How to complete this task → Please reproduce the data exactly and omit the pictures.

Collected data →

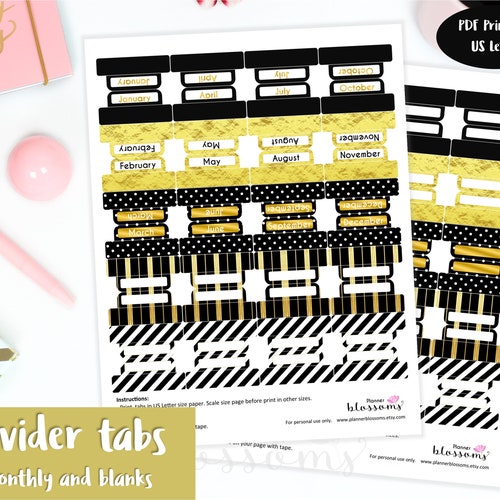 Editable Divider Tabs Blank Printable DIY Black | Etsy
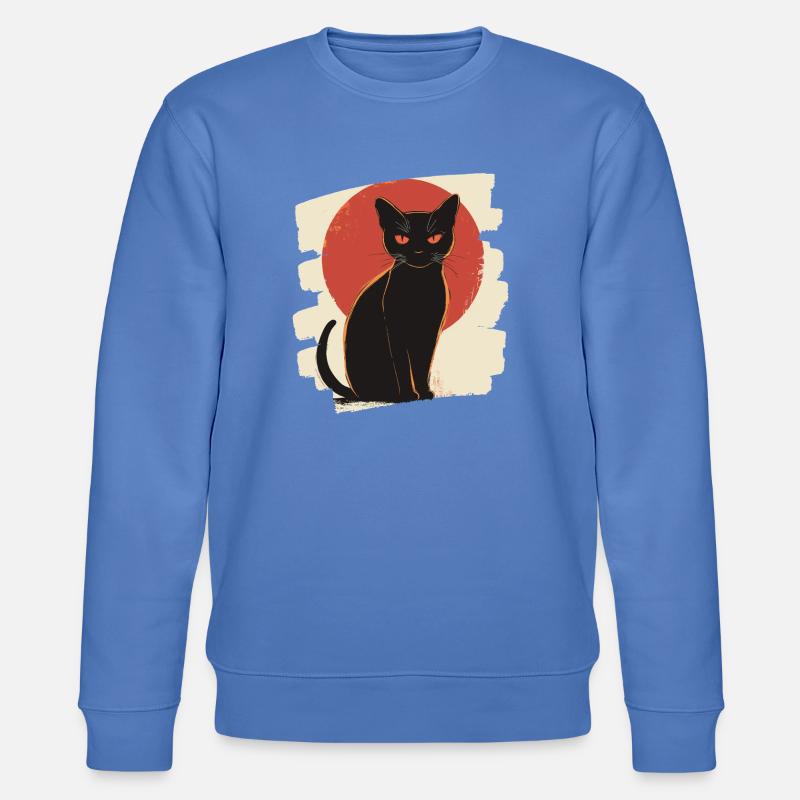Schwarze Katze - Stanley/Stella Unisex Bio-Sweatshirt CHANGER - Blau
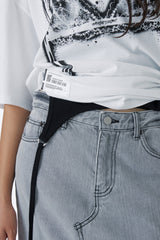 DAMAGED LONG DENIM SKIRT (GRAY)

Your response →
 Editable Divider Tabs Blank Printable DIY Black | Etsy
Schwarze Katze - Stanley/Stella Unisex Bio-Sweatshirt CHANGER - Blau
 DAMAGED LONG DENIM SKIRT (GRAY)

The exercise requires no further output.